As very little research has been conducted on the topic of Islamic marriages and divorces in Denmark, SFI took a broad, qualitative interview approach. Enrolling interviewers with a variety of ethnic minority backgrounds and linguistic capabilities, over a three-month period the SFI team managed to gather a total of 248 interviews from three groups: ethnic minority individuals with relevant experience, professionals such as social workers and police, and finally imams, who may be central when it comes to marriages and divorces for Muslim immigrants in Denmark.
The resulting report Parallel conceptions of law in Denmark shows that Muslim marriages – termed “nikah” – are often attributed central importance as a prerequisite for entering into intimate relationships. These nikahs may occur both with and without also entering into a formal marriage, which is legally valid according to Danish law.
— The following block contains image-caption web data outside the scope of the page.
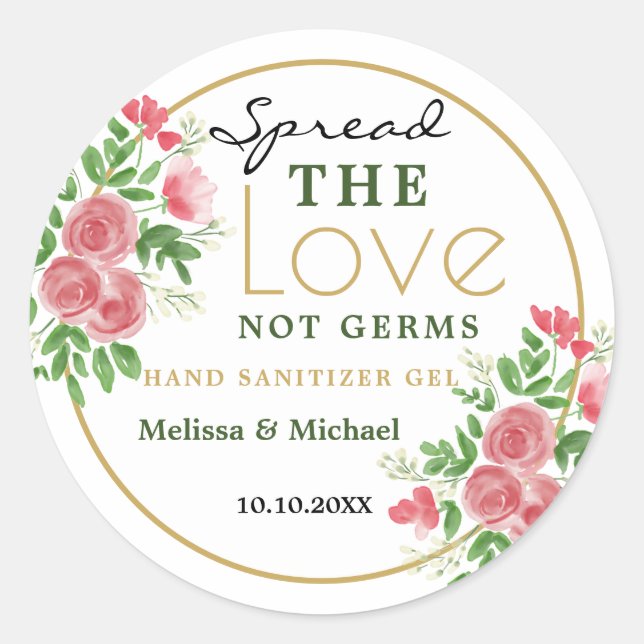 Sticker Rond Étaler l'amour Sanitizer Fleur mariage Favoriser C (Devant)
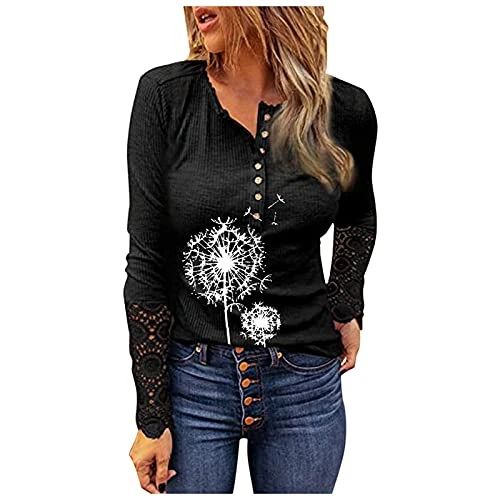 Women's Long-Sleeved T-Shirt Casual Print Shirt Women's T-Shirt with Crew Neck, Summer Colour Contra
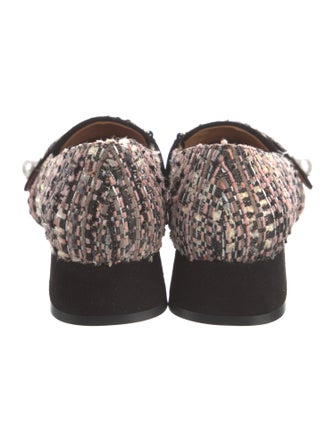 Roberto Festa Tweed Pattern Chain-Link Accents Loafers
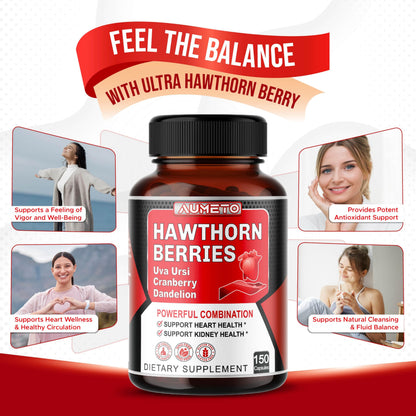 AUMETO 7-in-1 Hawthorn Berry Capsules – Heart & Kidney Support (150 Count)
One combination of the two rituals is that young couples start their life together with a nikah only, and get their Danish marriage papers years later, after the first child has been born. This pattern partially resembles the majority of Danish couples, who mostly marry after, and not before, the birth of their first child.
If women, who are married “twice” (in both a nikah and a legally valid marriage), later wish to divorce, problems may occur. Under Danish law, access to divorce is equal for men and women, but according to Islam, a man may divorce his wife unilaterally, while the reverse is not the case. This may give rise to “limping marriages”, where women are divorced according to Danish state legislation, but are still considered married in the eyes of their Muslim families and networks. The data indicates that the frequency of “limping marriages” varies considerably between different ethnic groups. For example, while immigrants from Turkey may hold strong attitudes against divorce, they rarely end up in “limping marriages”. This occurs as people in Turkey generally also “marry twice”, but here a subsequent secular divorce is seen as also fully terminating the religious element in the marriage. Turks in Denmark seem to share the same understanding, which is also supported by the Turkish state, who relocate imams to Denmark.
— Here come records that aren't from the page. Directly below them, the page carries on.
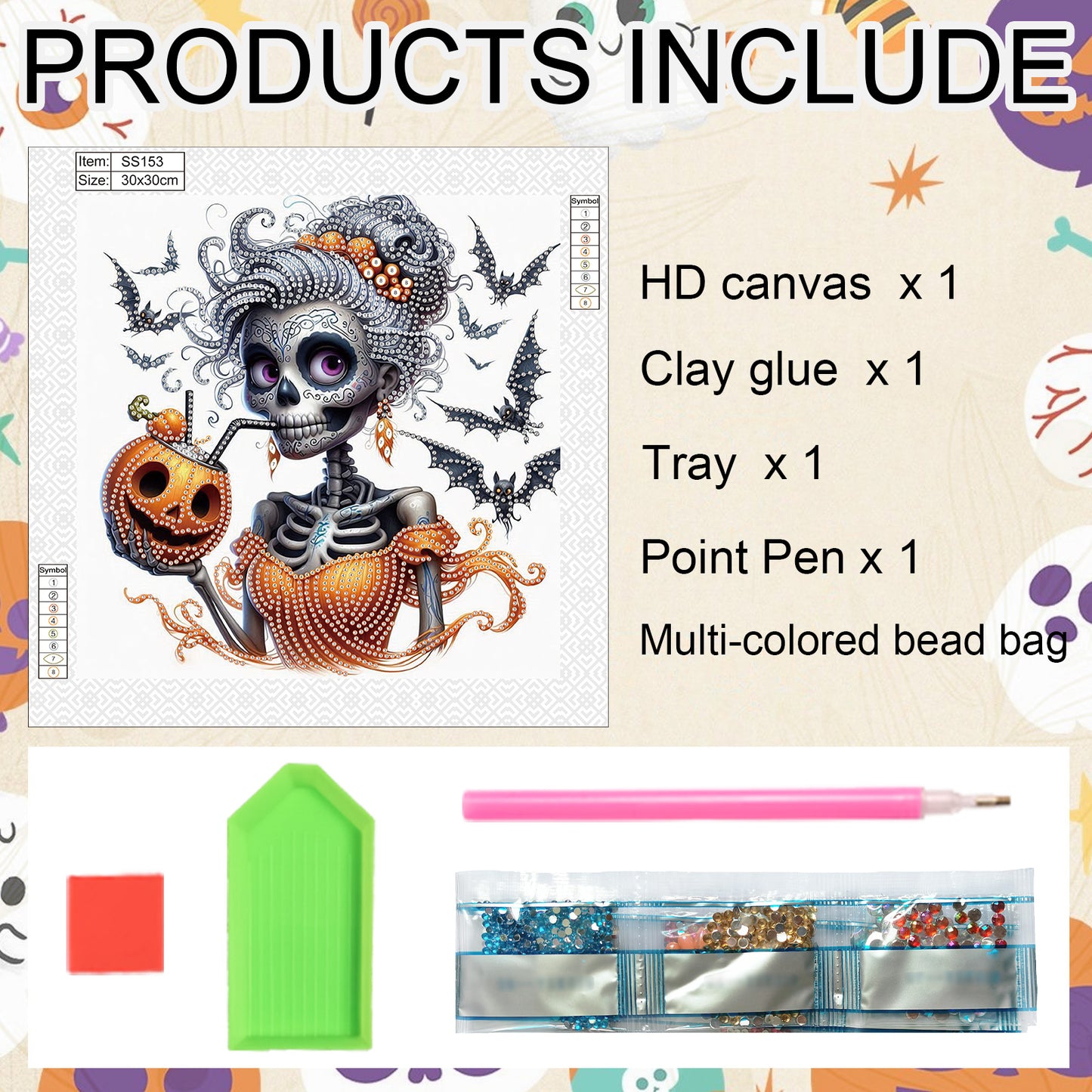 Halloween Skeleton - Special Shaped Drill Diamond Painting 30*30CM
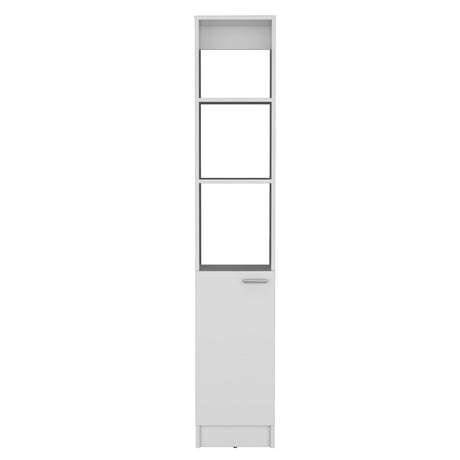 Bathroom Linen Cabinet with Open and Concealed Shelves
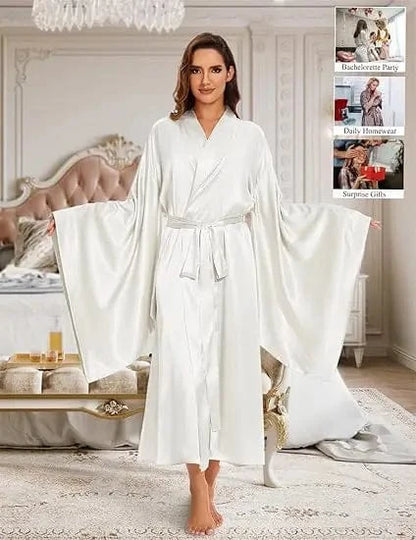 Elegant Floor Long Length Robe Silk Bridal Wedding Dressing Kimono Robe Bridal Party Bride Robe Black Kimono Robe - A-1 Thread Vault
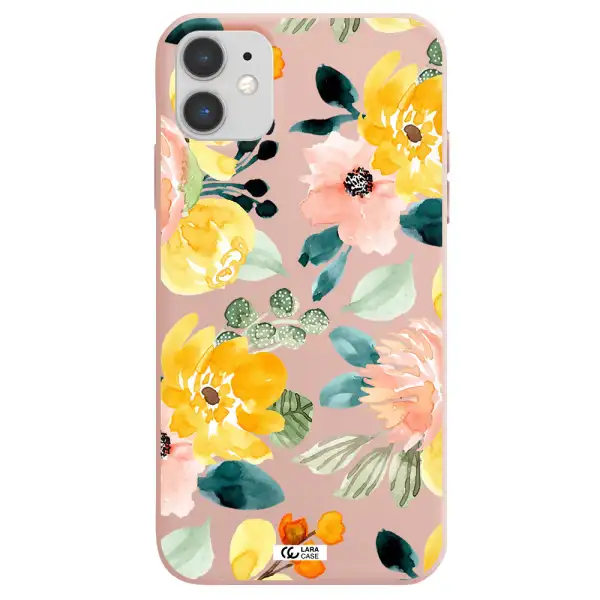 Watercolor Flowers Apple iPhone 11 Silicone pastel pink Case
In other ethnic minority groups, a contested issue may be whether the tradition of a husband uttering of the word “talaq” three times is always necessary to end a nikah. While some hold this to always be the case, others hold the view that if a man signs the official Danish divorce papers, he has shown his intention of wanting the divorce, and thus the nikah also ends. Such different interpretations can lead to struggles over what rules should be followed. With no ultimate authority to settle disputes, different family views, and different personal power relations, can give some women, but not others, the possibility of fully ending unwanted marriages without needing to enlist the aid of an imam.
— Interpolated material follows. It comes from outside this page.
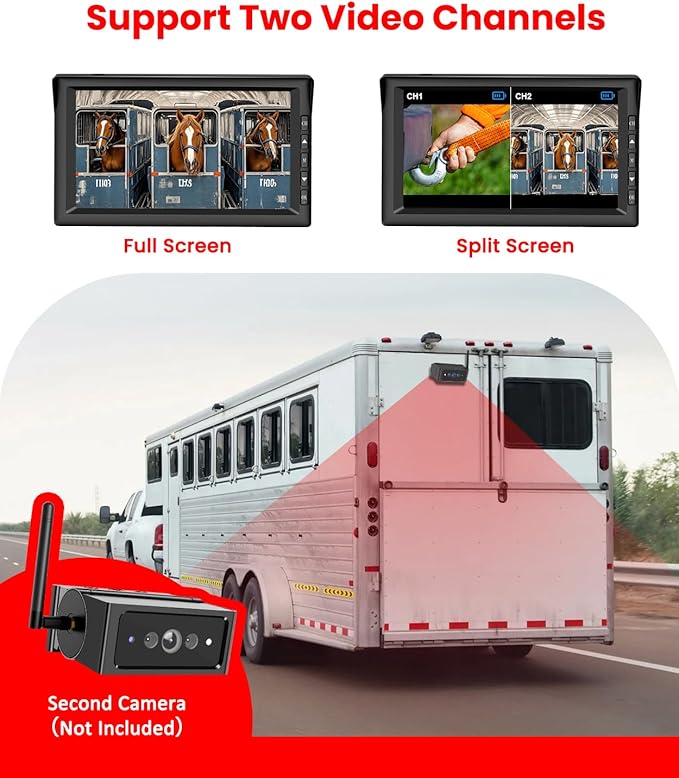 Foxpark Magnetic Wireless Backup Camera for RVs and Trailers No-Installation - 7" HD 1080P Monitor, Strong Magnetic Scratch-Proof Rear View Camera for Trucks, Campers, SUVs, and Cars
A large part of the report deals with the experiences of women who had to terminate their nikahs separately, against the wishes of their husbands. Here, the support of an imam often becomes a prerequisite for becoming “fully divorced”. Some women have difficulties gaining this support, as imams may tell them to return to the husband they, themselves, want to leave. In contrast, more resourceful women may be able to “shop around” until they find an imam who supports them. Overall, the report shows that Islamic principles on marriage and divorce do hold central importance for some Muslim ethnic minorities in Denmark, but that these principles are interpreted in very different ways.